SkyBridge buys 38,500 tons of carbon offsets

SkyBridge Capital has purchased 38,436 tons of tokenized carbon offsets.

Global investment firm SkyBridge Capital has partnered with carbon credit provider MOSS Earth to purchase tokens representing 38,436 tons of carbon offsets.

SkyBridge announced the move on August 2, with founder Anthony Scaramucci forecasting that the Bitcoin mining industry “will be fully renewable by the end of the decade.” For the meantime, Scaramucci believes carbon offsets offer an “effective” means for the sector to improve its ecological footprint:

“In the interim, carbon offsets represent an effective way to green the Bitcoin network and facilitate adoption by ESG-minded investors.”

SkyBridge is an institutional asset manager that provides exposure to BTC via fund products. The firm also has a pending application for a Bitcoin exchange-traded fund (ETF) with the U.S. Securities and Exchange Commission.

MOSS Earth is a climate tech firm that provides carbon credit-backed “MCO2” tokens for offsetting greenhouse emissions. As part of the partnership, SkyBridge used a “conservative” estimate to determine the carbon footprint associated with its Bitcoin holdings.

Moss sources carbon credits from independently verified projects such as Vera who combat deforestation in the Amazon Rainforest, and source their environmental initiatives through the sale of carbon credits.

Related: A green revolution in crypto mining?

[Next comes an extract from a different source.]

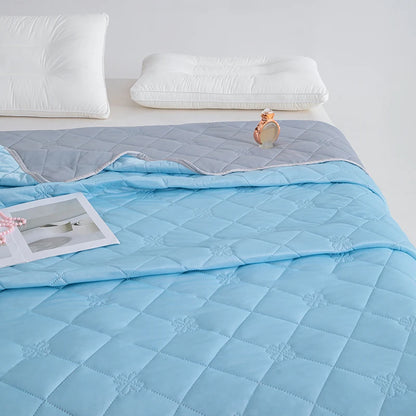 AuraCool Comforter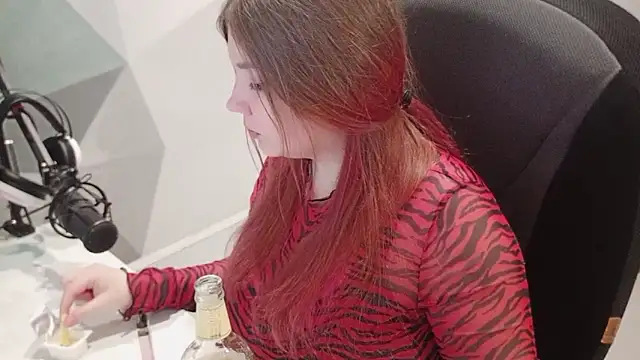 sweetyyfoxy's cam snapshot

Industry answers wake-up call

SkyBridge joins several crypto firms that have purchased carbon offsets to reduce their environmental footprint this year, including crypto exchanges FTX, Gemini, and BitMEX.

Environmental concerns have hampered crypto’s narrative in 2021 following Elon Musk’s May announcement that Tesla would halt accepting BTC payments until the mining sector is able to demonstrate it is verifiably sustainable.

A study published by the Bitcoin Mining Council on July 2 estimated that the global Bitcoin mining sector reached a 56% sustainable power mix in Q2. However, the survey was based on just three questions and relied on voluntary and self-reported responses from 32% of miners on the network.